1. **Foundation Year**: For students who want to pursue a degree at ITC, they typically need to complete the Foundation Year program. The requirements for this program include:
	* Age: 17-25 years old
	* Academic qualifications: High school diploma or equivalent (e.g., A-levels, IB)
	* English proficiency: TOEFL or IELTS with a minimum score of 500 or 5.0, respectively
2. **Undergraduate Programs**: For students who want to pursue an undergraduate degree at ITC, they typically need to meet the following requirements:
	* Age: 17-25 years old (for domestic students) or 18-30 years old (for international students)
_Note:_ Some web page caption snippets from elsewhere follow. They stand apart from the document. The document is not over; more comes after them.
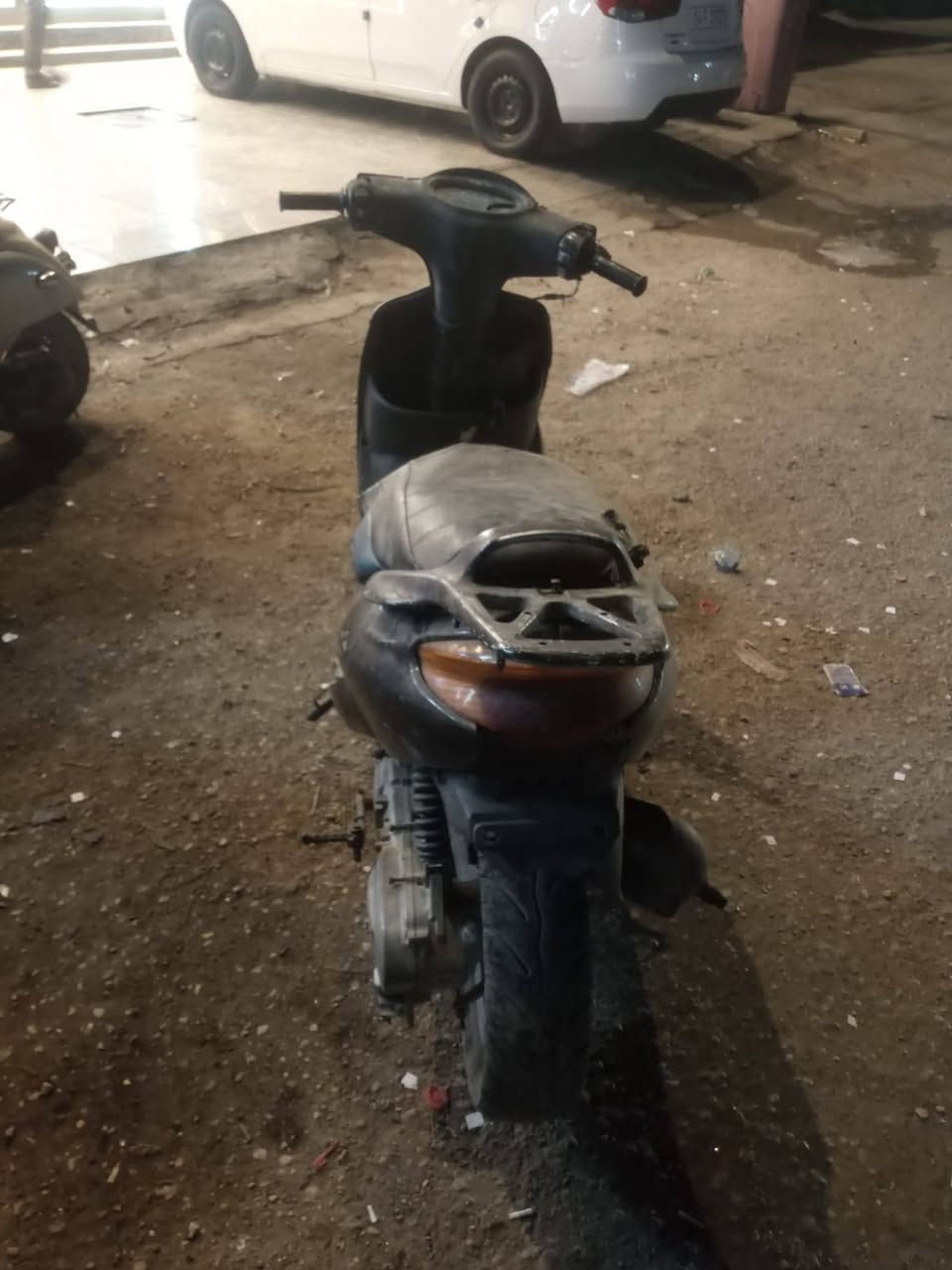 لكزز • تشتغل • حديد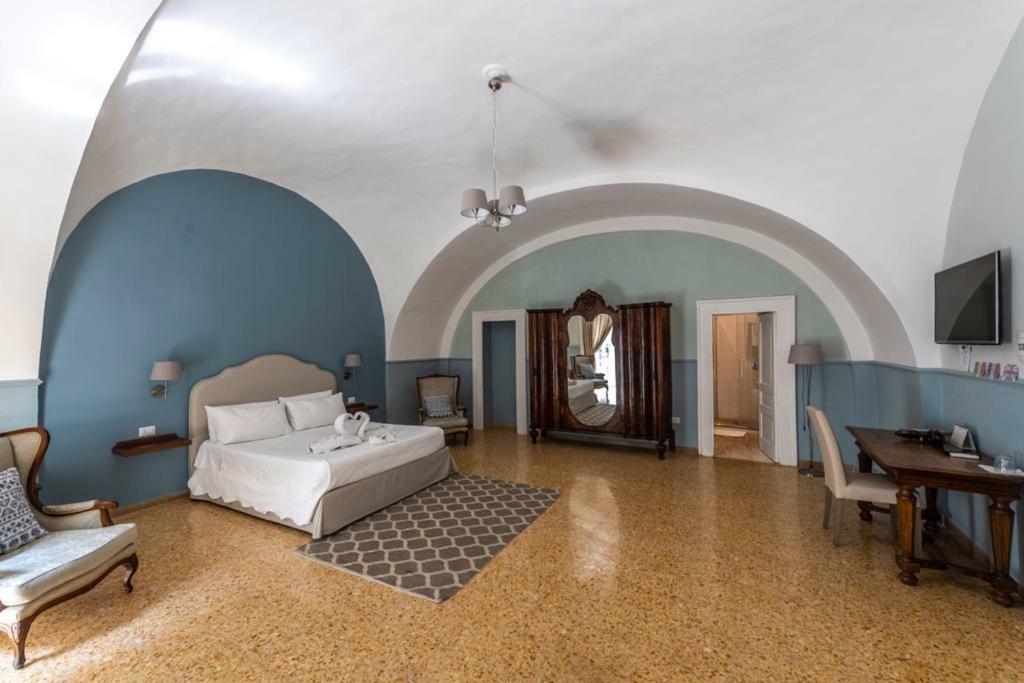 Aragonese Luxury Rooms Naples Extérieur photo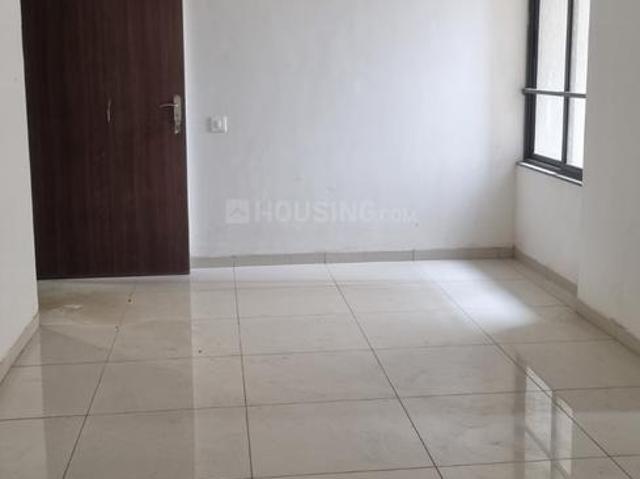 2 BHK Apartment in Sarkhej for rent Ahmedabad. The reference number is 21079646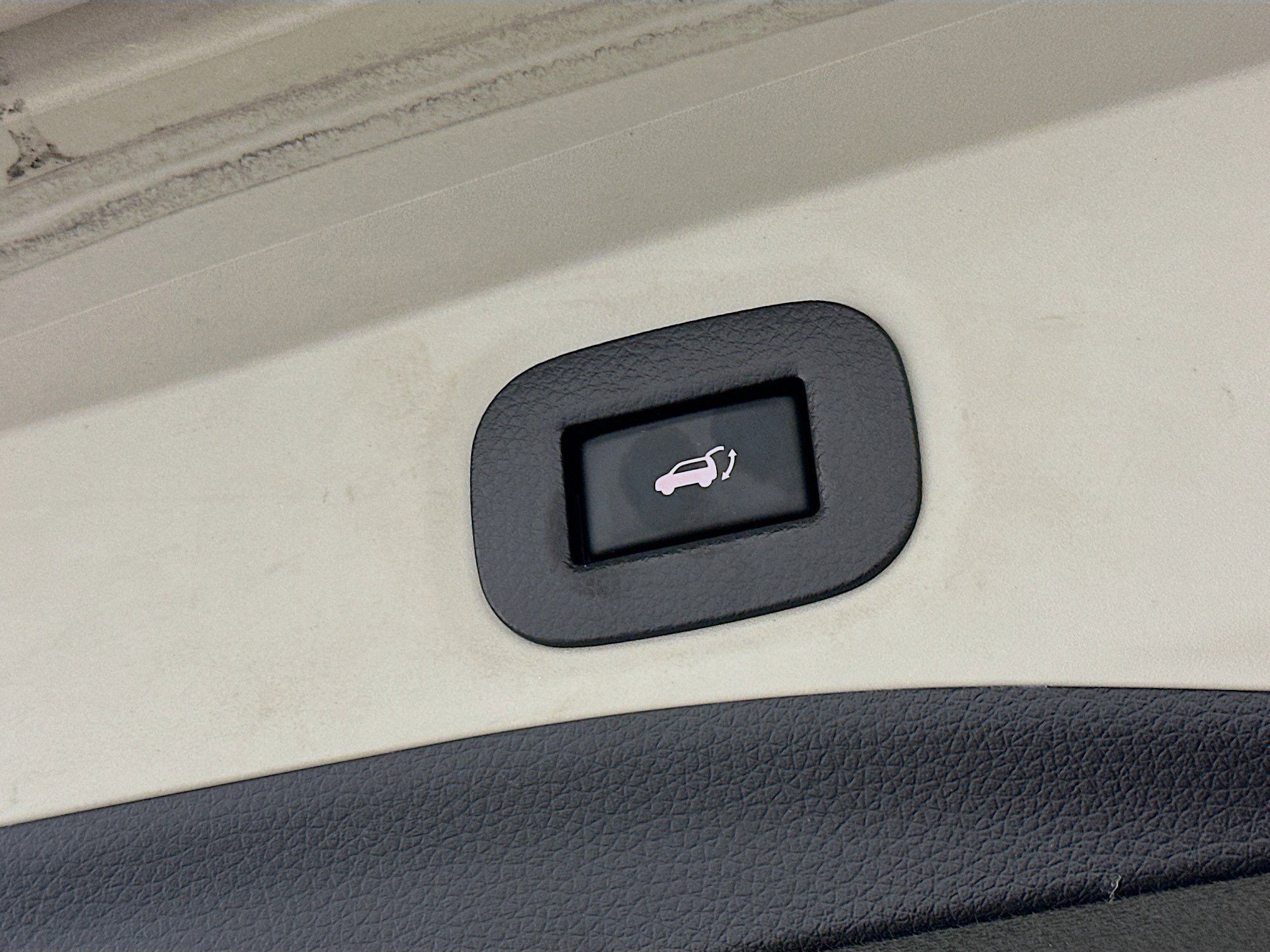 Used 2017 Nissan Rogue SV w/ SV Premium Package image 31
	* Academic qualifications: High school diploma or equivalent (e.g., A-levels, IB), plus specific prerequisite courses for each program
	* English proficiency: TOEFL or IELTS with a minimum score of 500 or 5.0, respectively
	* Other requirements may include:
		+ SAT or ACT scores for international students
		+ Letters of recommendation from teachers or mentors
		+ Personal statement or essay
3. **Postgraduate Programs**: For students who want to pursue a postgraduate degree at ITC, they typically need to meet the following requirements:
	* Age: 25-40 years old (for domestic students) or 26-35 years old (for international students)
	* Academic qualifications: Bachelor's degree from an accredited institution
	* English proficiency: TOEFL or IELTS with a minimum score of 500 or 5.0, respectively
	* Other requirements may include:
		+ Master's degree transcripts and certificates
		+ Letters of recommendation from teachers or mentors
		+ Personal statement or essay

Please note that these are general requirements and may vary depending on the specific program and admission cycle. I recommend checking the official website of ITC or contacting their admissions office directly for more information and up-to-date requirements.

Additionally, the Institute of Technology of Cambodia also offers various scholarships and financial aid options to support students with limited financial resources.